## Brief descriptive captions

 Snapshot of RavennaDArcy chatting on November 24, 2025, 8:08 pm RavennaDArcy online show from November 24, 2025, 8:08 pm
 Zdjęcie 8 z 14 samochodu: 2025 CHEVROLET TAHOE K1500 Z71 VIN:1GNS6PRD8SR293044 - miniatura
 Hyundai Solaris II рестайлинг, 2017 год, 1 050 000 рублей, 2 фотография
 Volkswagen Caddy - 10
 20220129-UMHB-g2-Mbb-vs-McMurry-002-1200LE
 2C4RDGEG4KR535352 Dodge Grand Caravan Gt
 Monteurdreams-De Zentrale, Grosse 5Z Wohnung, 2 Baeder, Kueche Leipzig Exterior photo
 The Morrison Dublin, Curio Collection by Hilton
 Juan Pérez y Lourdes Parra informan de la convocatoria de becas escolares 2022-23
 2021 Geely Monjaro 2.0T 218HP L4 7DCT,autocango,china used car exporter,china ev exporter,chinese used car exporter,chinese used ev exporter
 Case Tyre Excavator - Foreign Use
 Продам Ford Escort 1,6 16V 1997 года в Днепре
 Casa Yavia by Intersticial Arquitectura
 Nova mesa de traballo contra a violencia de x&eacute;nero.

## BRIEF
For this task, write out exactly the lines of the entries above, starting at the line with "Volkswagen Caddy - 10" and ending at the line with "Juan Pérez y", both included, and no others.

## EXPECTED ANSWER
 Volkswagen Caddy - 10
 20220129-UMHB-g2-Mbb-vs-McMurry-002-1200LE
 2C4RDGEG4KR535352 Dodge Grand Caravan Gt
 Monteurdreams-De Zentrale, Grosse 5Z Wohnung, 2 Baeder, Kueche Leipzig Exterior photo
 The Morrison Dublin, Curio Collection by Hilton
 Juan Pérez y Lourdes Parra informan de la convocatoria de becas escolares 2022-23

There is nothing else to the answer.